The folders all show owner as 1000 and group as 1000 in `ls -hl`, as UID and GID which does not exist on the TrueNAS and was my old UID/GID from Debian. I cannot delete these folders with `sudo rm -rf Documents` for example and also not transfer ownership to admin via `chown -R admin:admin Documents`, both result in "operation not permitted".

I even created a group called "rokyo" with GID 1000 and a user named "rokyo" with UID 1000, gave them "all sudo" permissions and tried deleting the folders as "rokyo", which also gives "operation not permitted" even though `ls -hl` now shows owner/group as "rokyo/rokyo" instead of "1000/1000". What is happening here?
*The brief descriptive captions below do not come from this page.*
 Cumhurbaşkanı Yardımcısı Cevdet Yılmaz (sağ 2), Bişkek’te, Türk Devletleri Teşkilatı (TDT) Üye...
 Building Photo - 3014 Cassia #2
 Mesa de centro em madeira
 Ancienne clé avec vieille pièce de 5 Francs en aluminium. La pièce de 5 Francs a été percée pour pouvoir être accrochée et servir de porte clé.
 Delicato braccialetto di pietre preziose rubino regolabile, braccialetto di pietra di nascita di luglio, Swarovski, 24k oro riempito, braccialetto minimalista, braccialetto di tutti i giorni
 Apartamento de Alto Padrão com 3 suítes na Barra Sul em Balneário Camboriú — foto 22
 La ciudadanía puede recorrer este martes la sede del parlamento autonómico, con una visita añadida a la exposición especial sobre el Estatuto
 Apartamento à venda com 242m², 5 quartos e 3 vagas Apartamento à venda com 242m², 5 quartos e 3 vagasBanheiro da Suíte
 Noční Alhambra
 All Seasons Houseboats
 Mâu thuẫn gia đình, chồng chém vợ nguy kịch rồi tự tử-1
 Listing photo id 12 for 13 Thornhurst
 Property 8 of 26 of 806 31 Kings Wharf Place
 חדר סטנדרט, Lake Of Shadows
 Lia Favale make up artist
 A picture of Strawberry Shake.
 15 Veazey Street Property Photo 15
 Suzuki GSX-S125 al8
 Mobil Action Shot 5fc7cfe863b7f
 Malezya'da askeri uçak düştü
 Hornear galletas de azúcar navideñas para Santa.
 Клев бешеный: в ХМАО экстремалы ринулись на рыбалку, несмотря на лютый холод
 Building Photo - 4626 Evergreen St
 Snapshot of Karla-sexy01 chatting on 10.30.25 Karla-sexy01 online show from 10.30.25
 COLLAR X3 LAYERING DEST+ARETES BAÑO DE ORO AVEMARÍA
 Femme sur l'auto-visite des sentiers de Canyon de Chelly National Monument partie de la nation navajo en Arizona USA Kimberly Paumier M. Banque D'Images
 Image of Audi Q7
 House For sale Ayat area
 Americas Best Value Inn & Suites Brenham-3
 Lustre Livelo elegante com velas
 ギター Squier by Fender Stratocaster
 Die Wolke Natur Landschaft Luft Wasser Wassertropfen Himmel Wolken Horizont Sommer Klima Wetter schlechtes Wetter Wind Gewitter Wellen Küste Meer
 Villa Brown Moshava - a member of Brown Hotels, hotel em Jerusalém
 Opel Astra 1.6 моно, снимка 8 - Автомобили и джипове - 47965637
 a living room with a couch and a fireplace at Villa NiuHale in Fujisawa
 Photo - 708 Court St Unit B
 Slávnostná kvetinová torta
The "base folder" of the old `tank/home` dataset at `/mnt/tank/home` is showing "root/root" as owner/group by the way, but this also cannot be deleted via `sudo rm -rf /mnt/tank/home` and shows "rm: cannot remove '/mnt/tank/home/rokyo/Pictures': Permission denied" for every one of the subfolders under `../home/rokyo`. I always thought that root can deleted everything?

I can also not create a new dataset `tank/home` anymore now, because the mount position is not empty (obviously, because the un-deletable folders are still there).

Did I bork my install completely? Why, though? Is there any way to delete `/mnt/tank/home` including everything below it, so that I can re-create a new `tank/home`?